Ability to selectively edit certain semantic sections of the image is called semantic manipulation. Most of the current 3D aware GAN methods using neural fields model the whole image as an overall neural radiance field which limits the partial semantic editability of the generated results. There are many 3D - aware GANs, which use only single view image as input, like Pi-GAN (Chan et al. 2021), GIRAFFE (Niemeyer and Geiger 2021), EG3D (Chan et al, 2022), StyleSDF, Style NeRF etc. But they don’t have control over semantic manipulation. Recently a 3D GAN from Sun et al. 2022, introduced semantic segmentation into the generative network, but they render images and segmentation masks in single network with insufficient semantic part decoupling, which cannot directly edit the semantic regions.
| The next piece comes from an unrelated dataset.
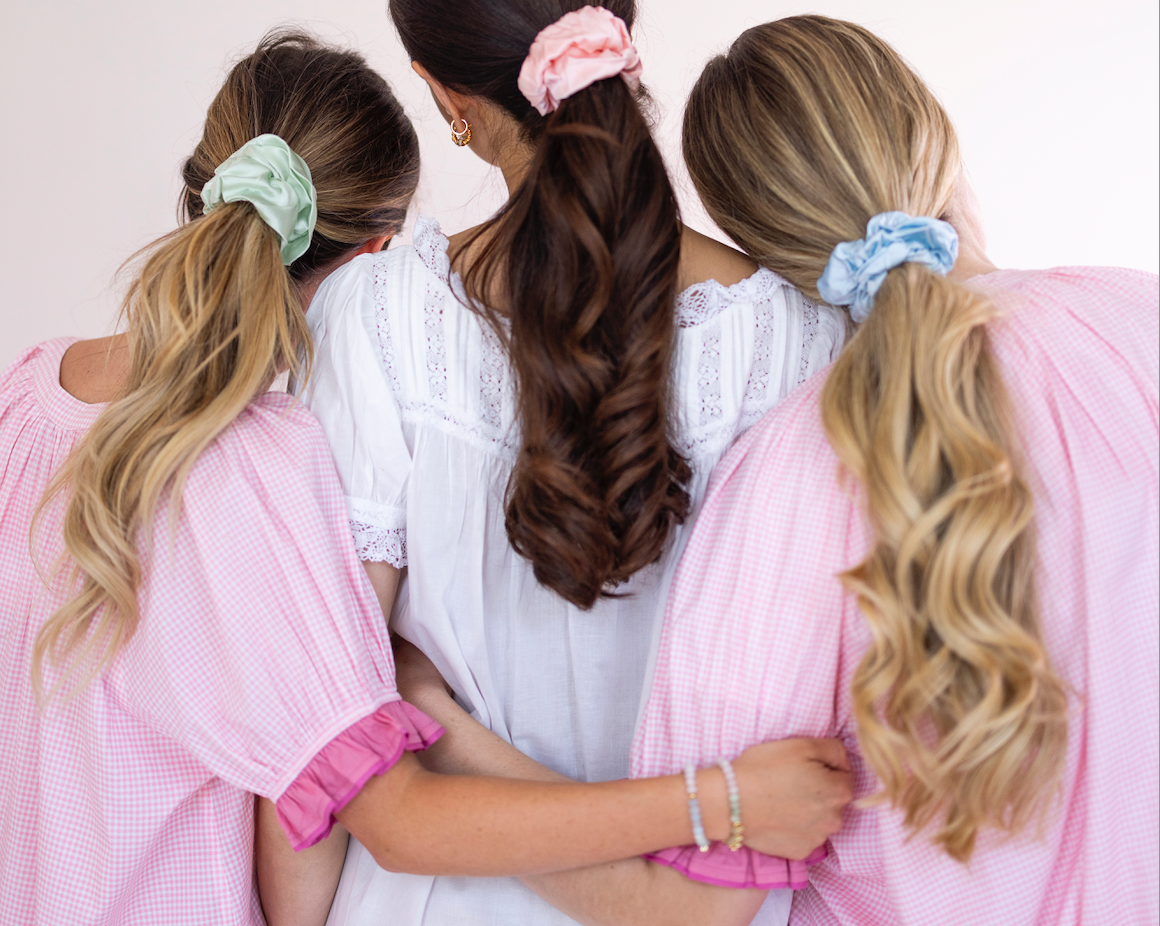 Three women standing together from behind, wearing matching pink gingham dresses and hair accessories. The center woman wears a white dress, while the two on the sides wear pink dresses.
For this project, I explored the work [1], known as compositional neural radiance fields (CNeRF). CNeRF, allows us to manipulate independent semantic regions in the synthetic image.
Below picture summarizes the entire proposed method in [1]. Given the complexity of the entire method, I limited the scope of the project to stage 1, which is Low-Resolution CNeRF. Note: The complexity is not just in terms of implementing the big framework, but also in terms of not having the GPU compute power that can train this big network quick.
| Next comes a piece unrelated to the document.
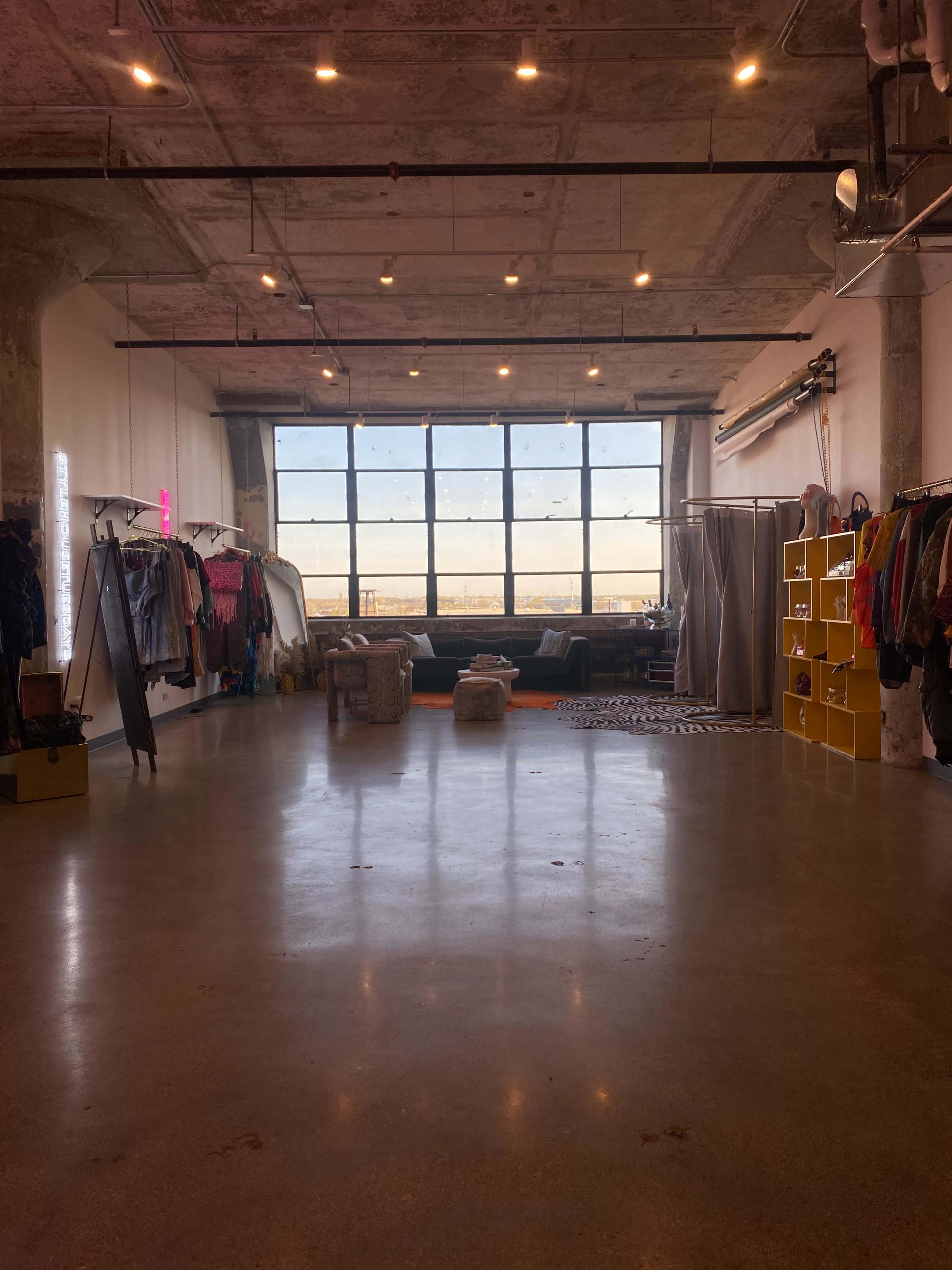 The image shows an industrial-style room with a large window, clothing racks along the walls, and a seating area in the background.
To go into brief details of Low-Resolution CNeRF (for simplicity, from here we refer to Low-Resolution CNeRF as just CNeRF), this framework differentiates itself from previous work by stacking multiple NeRF generators (we call them local generators), each responsible for handling a semantic element (nose, ear, mouth etc.), and fusing results from all them through semantic fusion and volume aggreration (involving classic volume rendering) to generate low - res color image along with it's semantic mask. Below pictures give the architecture of the semantic local generator and a zoom in view to the volume aggregation.
First and foremost, this project turned out to be much harder than I estimated. One of the biggest thing with this project is (even after limiting the scope to only Low Res CNeRF), the framework proposed itself is very big. Second, important thing is, there is no reference github for this project till second week of April (original repo of this paper got after I was halfway through coding the project). Datasets used for this project is FFHQ [3]
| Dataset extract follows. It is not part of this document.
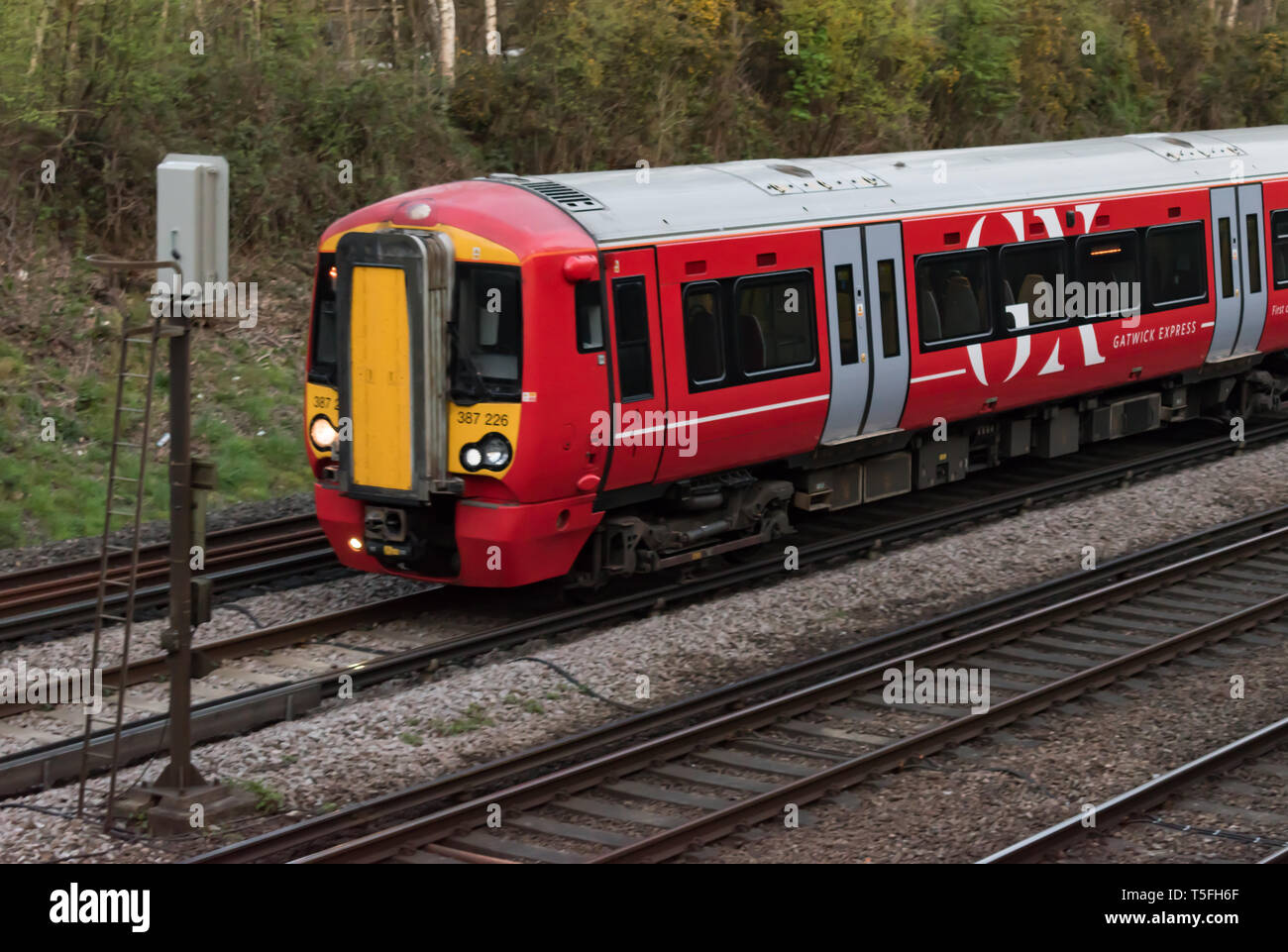 Crawley, West Sussex, UK - April 17 2019: Close up of the front carriage of a Gatwick Express train service as it passes a signal. Stock Photo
So following the Methodology laid out in [1], I implemented the entire code base with 12 local generators, for the semantic classes background, face/skin, nose, eyes, eye brows, mouth, earrings, glasses, neck, ears, hair, hat, and 2 discriminators (one for global level discrimination and the other for semantic discrimination). The style of the code I used is very similar to [2]. The total training parameters of the network are somewhere aroun d 90 million, out of which majority (like 85%) are for the discriminators.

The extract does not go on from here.